Experimental Example 1.4. Harvest Before Recombinant Adeno-Associated Virus Purification 1—Osmotic Shock

96 hours after the transfection according to Experimental Example 1.3, an osmotic shock reagent (using 0.5 M NaCl aqueous solution) was added to the host cells, and the condition was maintained for 3 hours. Then, a host cell culture was collected into a 1000 mL polypropylene conical tube by being poured into a shaking flask. Next, the cell culture was centrifuged at 3300×g for 30 minutes at 4° C. using a high-speed centrifuge (Cat #SU-R22, Hanil) and Angle Rotor (Cat #A1000-4. Hanil). The cells were discarded, and the supernatant was used for purification using a filtrate 0.45 PES filter system.

Experimental Example 1.5. Harvest Before Recombinant Adeno-Associated Virus Purification 2—Freezing and Thawing

96 hours after the transfection according to Experimental Example 1.3, the cells were frozen and thawed for 6 cycles or more.

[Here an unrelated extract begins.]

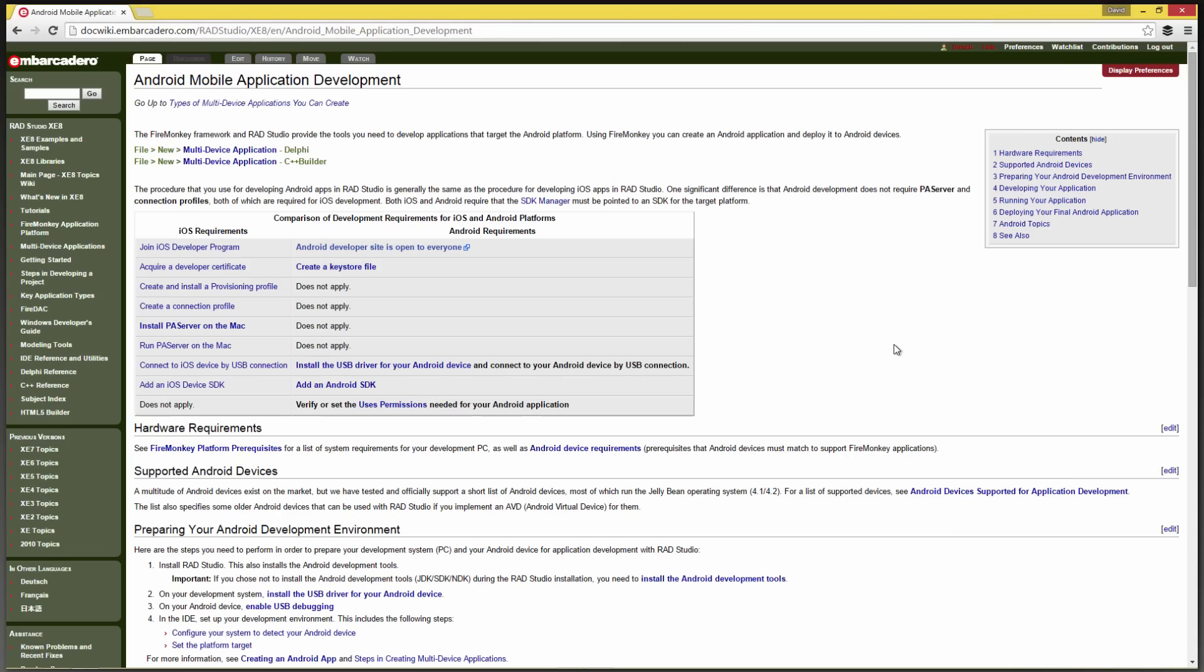In this video, I'll show you how to make sure your development environment is configured to do Android development. On our DocWiki, we have an Android Mobile Application Development page, and there's information in this document to help you get configured for Android development.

Herein, liquid nitrogen at−197° C. was used to freeze the cells, and the cells were thawed in a water bath at 37° C. Then, the recombinant adeno-associated virus particles in each medium was precipitated in 1/4 cell culture volume of 40% PEG 8000 (Cat #V3011, Promega), 2.5 M NaCl, and pH 7.4. Next, each precipitate was cultured at 4° C. overnight, and the recombinant adeno-associated virus in each medium was precipitated by centrifugation at 3,300×g for 20 minutes. The precipitate was resuspended in resuspension buffer (1×PBS, 250 mM NaCl, 0.001% PF-68, and pH 7.5). After a Benzonase treatment (50 U/mL for 1 hour at 37° C.), cell debris was spun down at 4,000 rpm for 30 minutes.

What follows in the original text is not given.